Mix of Experts Language Model for Named Entity Recognition
Xinwei Chen, Kun Li, Tianyou Song, Jiangjian Guo
TL;DR
This work tackles the problem of noisy and incomplete labels in distantly supervised NER by introducing BOND-MoE, a framework that fuses a pretrained language model with a Mixture of Experts under an EM training scheme. A two-stage BOND backbone handles distant supervision and self-training, while the MoE component assigns documents to distinct experts and the fair assignment module ensures equitable exposure across experts using Sinkhorn scaling. Key contributions include a hard-EM document-level MoE training paradigm, a two-sided fairness constraint to prevent biased expert allocation, and a self-training loop that reduces noise in pseudo labels. Empirical results on five real-world datasets show improved F1 scores over strong baselines, with ablations confirming the value of the MoE, fair assignment, and self-training components for robust distantly supervised NER.
Abstract
Named Entity Recognition (NER) is an essential steppingstone in the field of natural language processing.
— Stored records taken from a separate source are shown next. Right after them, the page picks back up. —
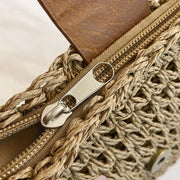 Straw Crossbody Bag for Women, Woven Summer Purse with Easy Strap in Beige, styled as a SheSelects summer accessory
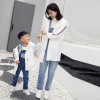 亲子装2018春夏新款防晒衣母子母女条纹拼接外套风衣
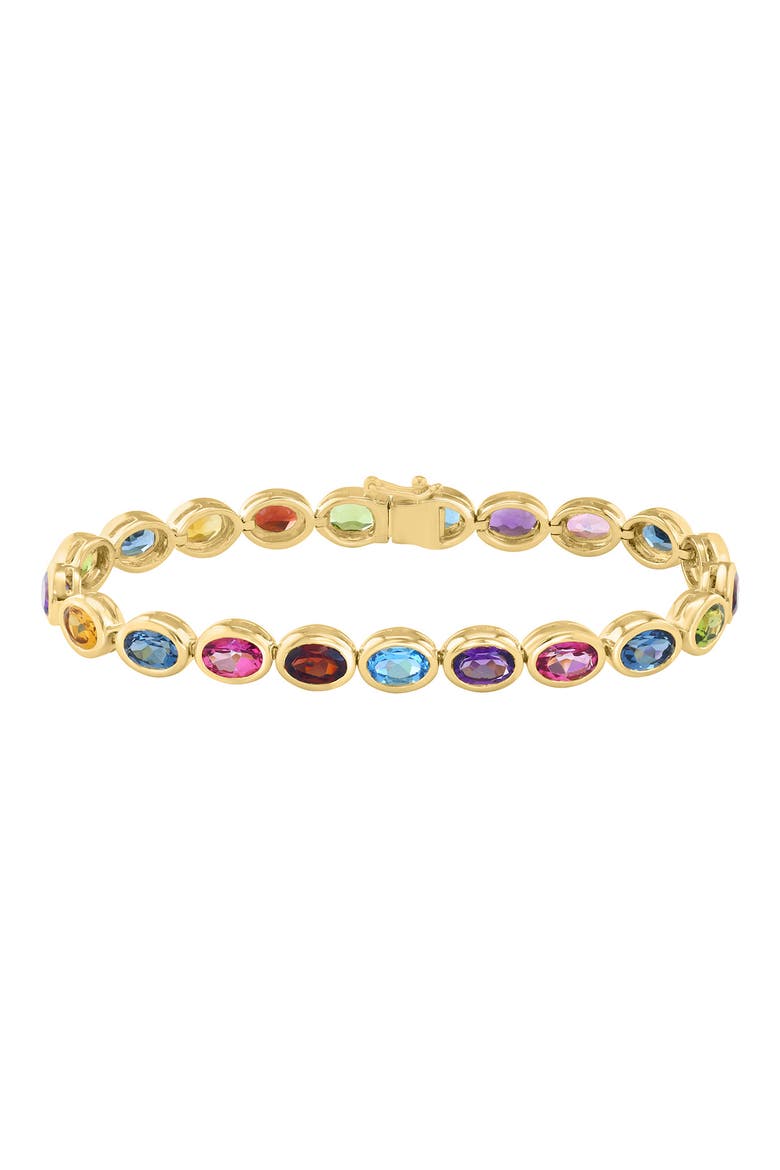 Gold Plated Sterling Silver Multi Stone Bracelet, Main, color, MULTI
Although promising performance has been achieved by various distantly supervised models, we argue that distant supervision inevitably introduces incomplete and noisy annotations, which may mislead the model training process. To address this issue, we propose a robust NER model named BOND-MoE based on Mixture of Experts (MoE). Instead of relying on a single model for NER prediction, multiple models are trained and ensembled under the Expectation-Maximization (EM) framework, so that noisy supervision can be dramatically alleviated. In addition, we introduce a fair assignment module to balance the document-model assignment process. Extensive experiments on real-world datasets show that the proposed method achieves state-of-the-art performance compared with other distantly supervised NER.